I woke up on the morning of Easter Monday, floating back to earthly life from deep thoughts on unspoken matters. I had just been re-energised by simple meditations on beautiful and uncomplicated things, inspiring my heart with a positive outlook to life. My mind was on fire with all the songs I had just finished singing from the previous nights’ concert, and I still could literally feel the bellows of the Church organ resonating in my bowels. Still longing for my bed, I had to wake early to go see my sister, whose birthday it was. I didn’t mind. My legs were tired, but my mind was alive.
I’m usually alert to spoilers, but not on this morning. I was revelling in unguarded pleasantness, until I scanned through my Twitter feed. Usually, I search specifically for informative content, particularly from individuals who have a history of tweeting articles and following it up with a great conversation. Sadly, my feed was plastered with commentaries on a recent statement made by a traditional ruler, which set Nigeria’s Tweetosphere ablaze. So many tweets were flying around the subject matter that I had to carefully trace what exactly prompted all the vitriol. Unfortunately I followed the Rabbit trail (all in a few minutes of siting in the car waiting for my sister) and realised later that I had squeezed out almost every ounce of joy in my heart.

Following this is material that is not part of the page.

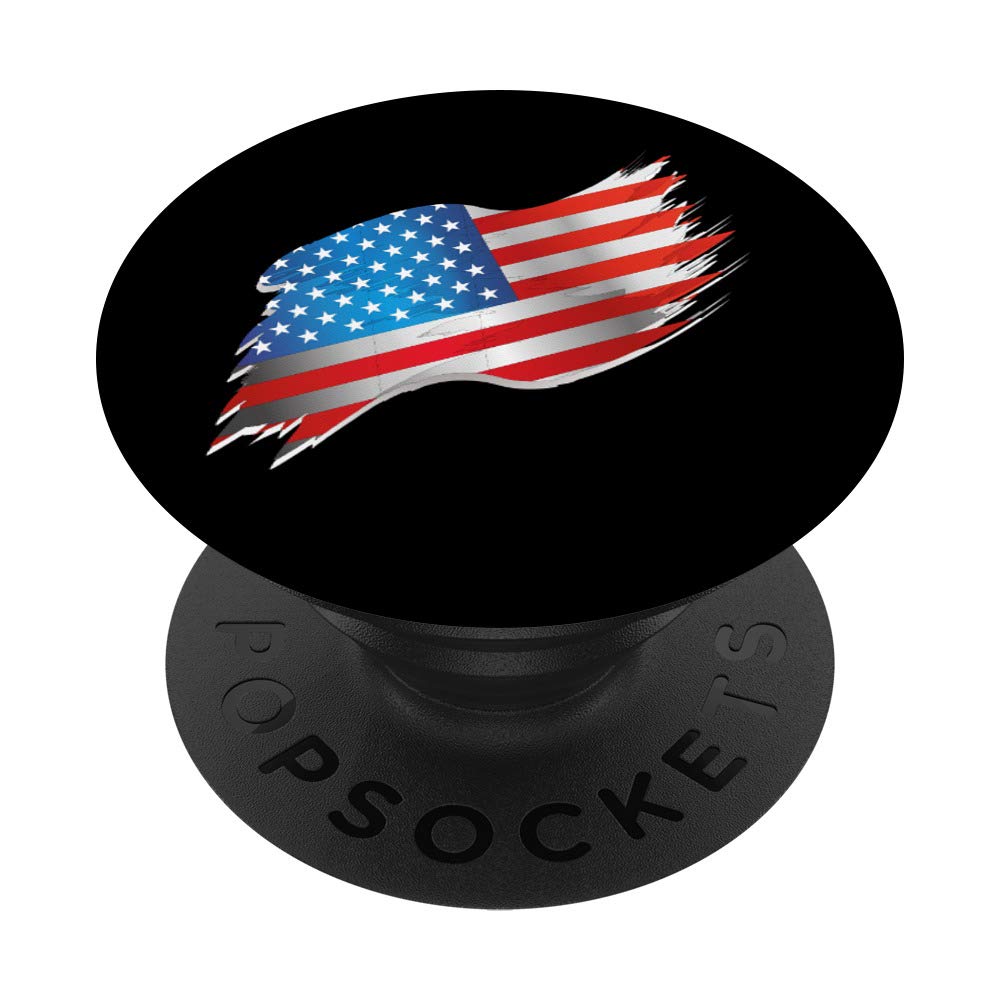 American Flag PopSockets Swappable PopGrip - Patriotic Phone Grip & Stand - USA Flag Design for iPhone & Android - Perfect for 4th of July, Veterans Day & Everyday Use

How did that happen? While I sat there amazed at how people turned on each other over someone else’ comment, I was ignorant of how the bile had seeped into my mind and cast a dark showdown over my thoughts. I was now thinking on how this might spark electoral violence, ethnic rivalry, and a series of unfortunate events in Lagos. By the time I arrived at the local Catholic church with my sister for the Mass, I was a different man. I had lost the sense of the beautiful I woke up with. I sat in church contemplating Nigeria’s troubles, rather than enjoy the strange art of worship I wasn’t used to. I had just swallowed the bitter pill that online social media serves us daily.